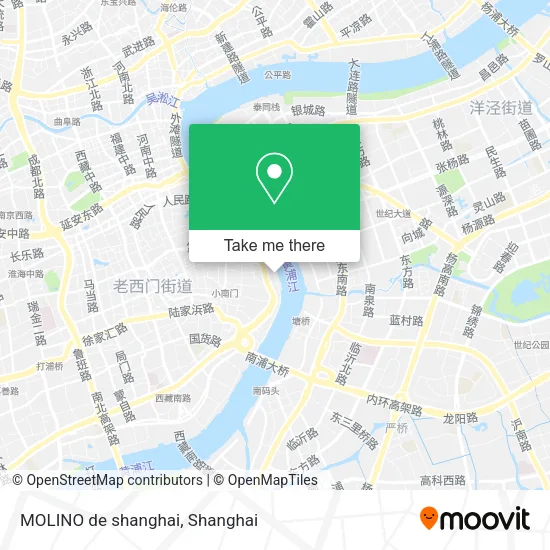 MOLINO de shanghai map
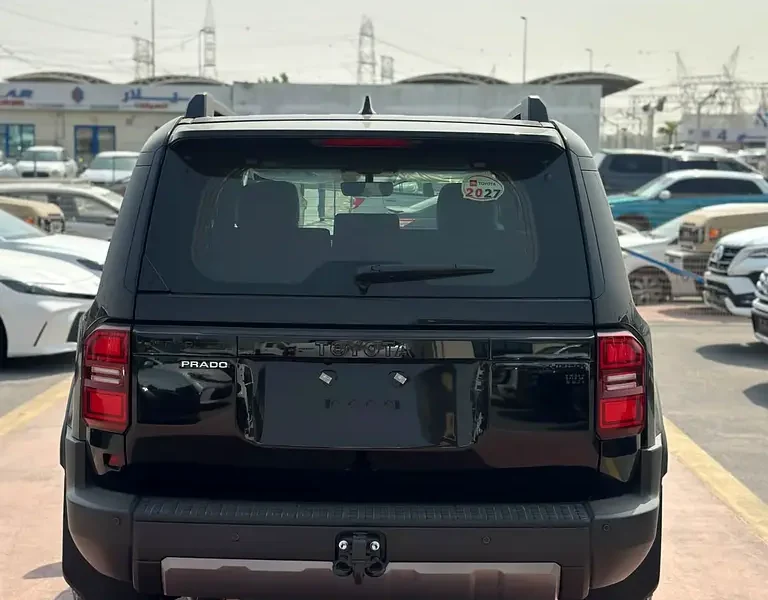 2027 Toyota Prado Adventure 4 Cylinders Petrol Engine Black Brown SUV GCC Specs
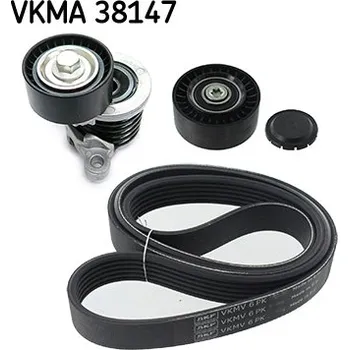 Sada kladky s žebrovaným řemenem SKF VKMA 38147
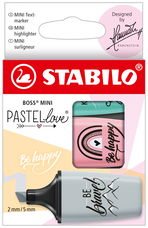 Text Marqueurs STABILO BOSS MINI Pastellove Edition 2.0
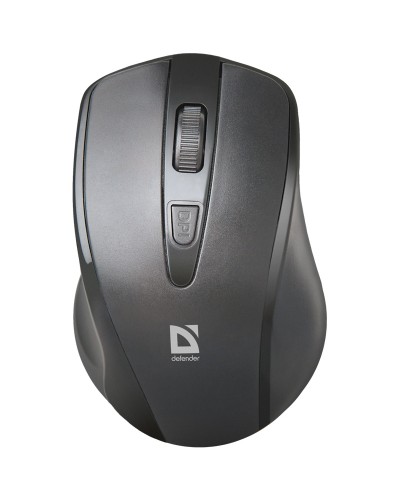 Мышь беспроводная Defender Datum MM-265, черный, 3btn+Roll, 52265, 281718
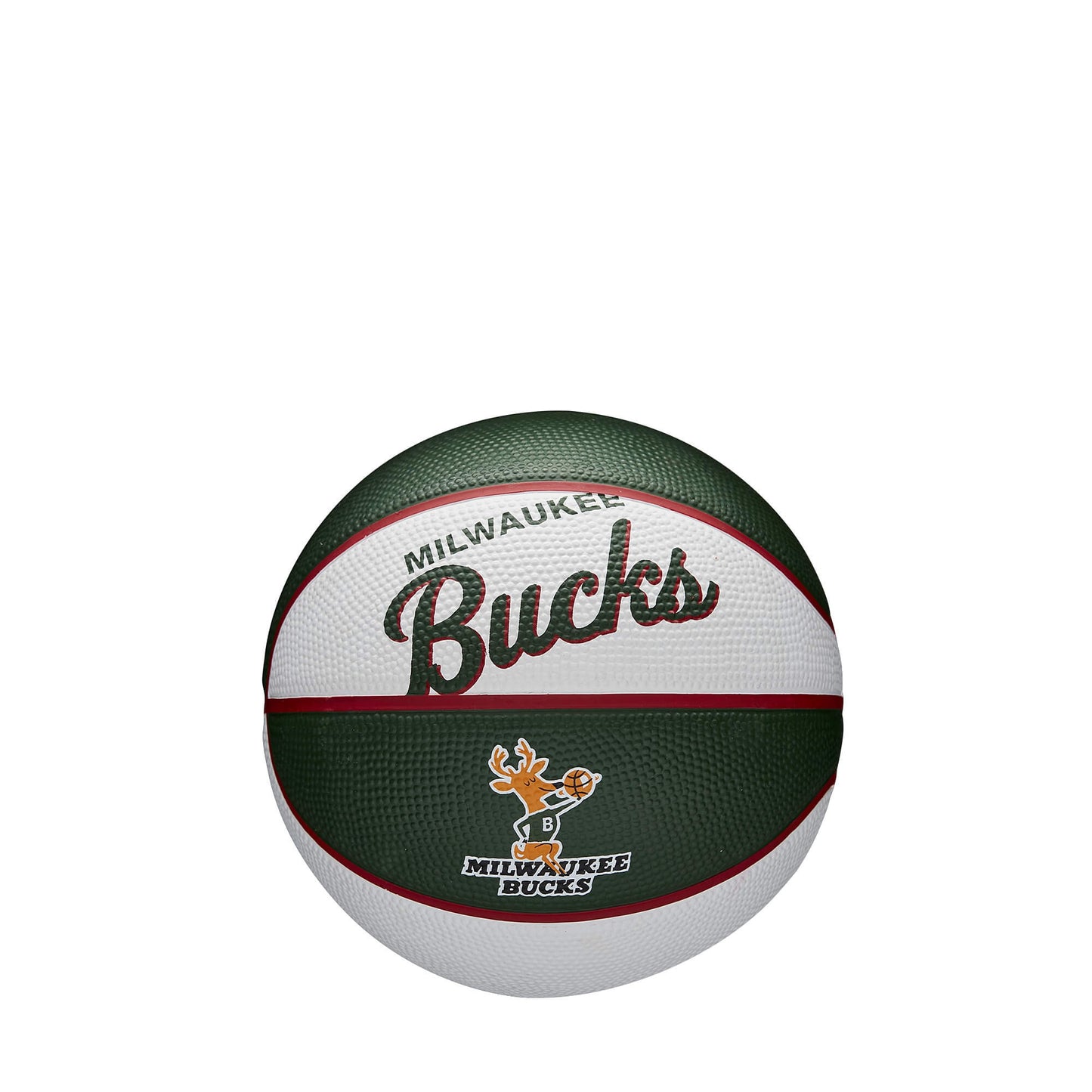 Basketbalová lopta Wilson NBA Team Retro Mini Milwaukee Bucks (veľkosť 3)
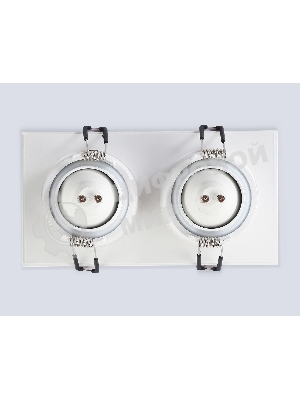 Светильник Ambrella light TN1145/2 WH белый IP44 GU5.3/2 180*95*38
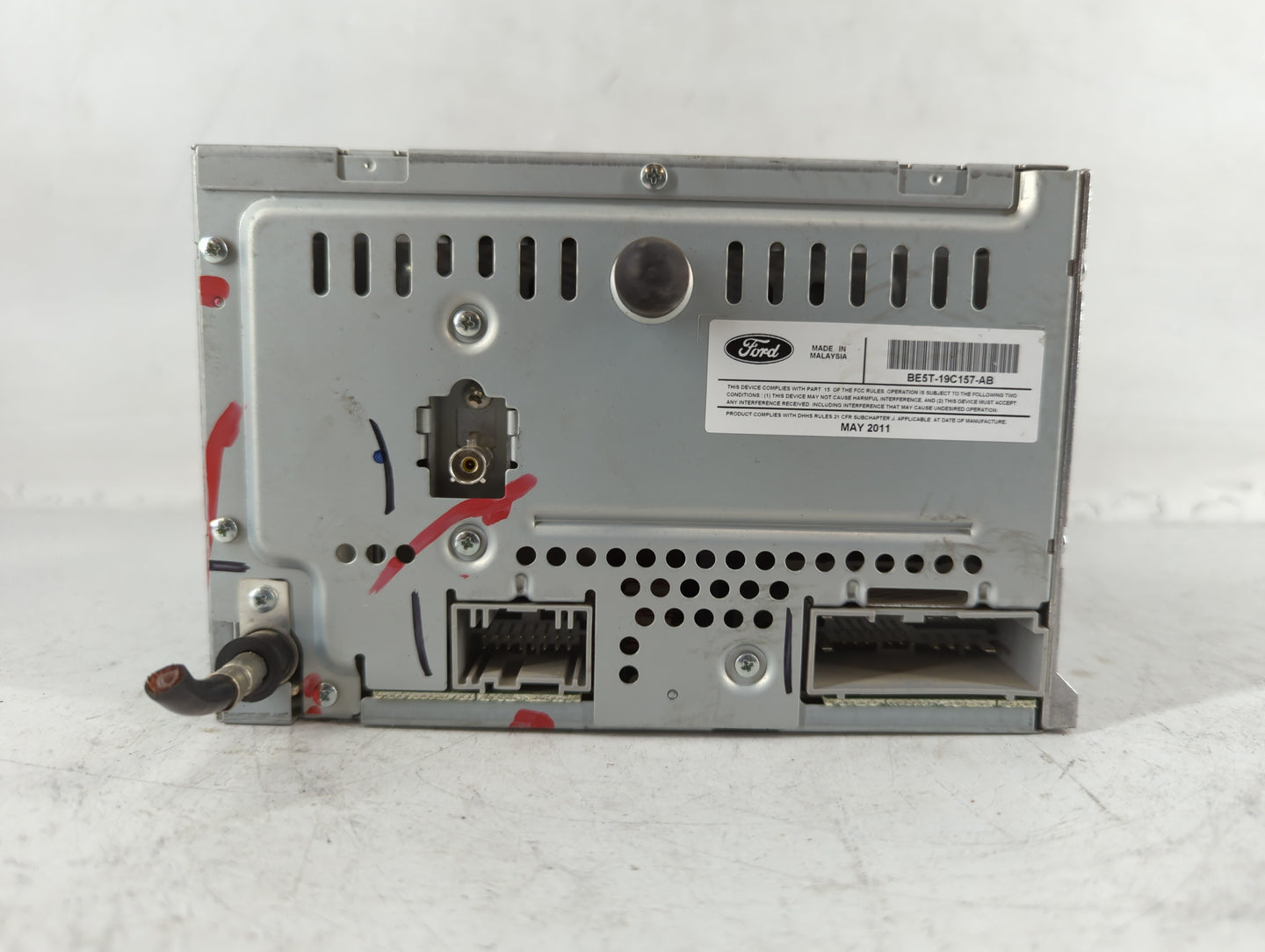 2010-2012 Ford Fusion Am Fm Cd Player Radio Receiver - Oemusedautoparts1.com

→ Work order:
Going from the line with "Sada kladky s" to the last line of the listing, write out each line exactly and nothing else. Leave out all pictures.

→ Written response:
 Sada kladky s žebrovaným řemenem SKF VKMA 38147
 Text Marqueurs STABILO BOSS MINI Pastellove Edition 2.0
 Мышь беспроводная Defender Datum MM-265, черный, 3btn+Roll, 52265, 281718
 Basketbalová lopta Wilson NBA Team Retro Mini Milwaukee Bucks (veľkosť 3)
 Светильник Ambrella light TN1145/2 WH белый IP44 GU5.3/2 180*95*38
 2010-2012 Ford Fusion Am Fm Cd Player Radio Receiver - Oemusedautoparts1.com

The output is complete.